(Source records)

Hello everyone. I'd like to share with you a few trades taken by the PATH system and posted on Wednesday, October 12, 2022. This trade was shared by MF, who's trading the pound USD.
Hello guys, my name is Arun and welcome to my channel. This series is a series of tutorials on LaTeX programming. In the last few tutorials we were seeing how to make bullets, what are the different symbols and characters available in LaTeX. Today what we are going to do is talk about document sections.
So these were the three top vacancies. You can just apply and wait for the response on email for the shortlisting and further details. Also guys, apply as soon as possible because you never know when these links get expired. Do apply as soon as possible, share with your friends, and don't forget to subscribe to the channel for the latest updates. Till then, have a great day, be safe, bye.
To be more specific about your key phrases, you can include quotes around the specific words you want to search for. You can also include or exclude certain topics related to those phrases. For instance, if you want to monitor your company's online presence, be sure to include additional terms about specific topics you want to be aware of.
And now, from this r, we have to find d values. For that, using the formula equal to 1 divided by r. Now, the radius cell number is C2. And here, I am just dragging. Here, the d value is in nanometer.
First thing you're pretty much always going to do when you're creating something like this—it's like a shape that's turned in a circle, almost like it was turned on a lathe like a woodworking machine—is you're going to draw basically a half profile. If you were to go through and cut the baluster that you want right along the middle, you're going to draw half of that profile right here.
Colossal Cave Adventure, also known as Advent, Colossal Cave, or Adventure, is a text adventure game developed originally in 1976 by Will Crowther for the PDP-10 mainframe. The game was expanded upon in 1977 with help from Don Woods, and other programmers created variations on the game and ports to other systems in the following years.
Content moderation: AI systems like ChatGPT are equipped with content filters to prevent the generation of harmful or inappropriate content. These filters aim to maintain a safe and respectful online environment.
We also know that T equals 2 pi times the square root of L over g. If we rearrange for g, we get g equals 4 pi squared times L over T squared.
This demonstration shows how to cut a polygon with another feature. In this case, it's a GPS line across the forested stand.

▶ **Assignment**:
From the data above, give the number of lines that hold "systems", without anything else.

▶ **Reply**:
2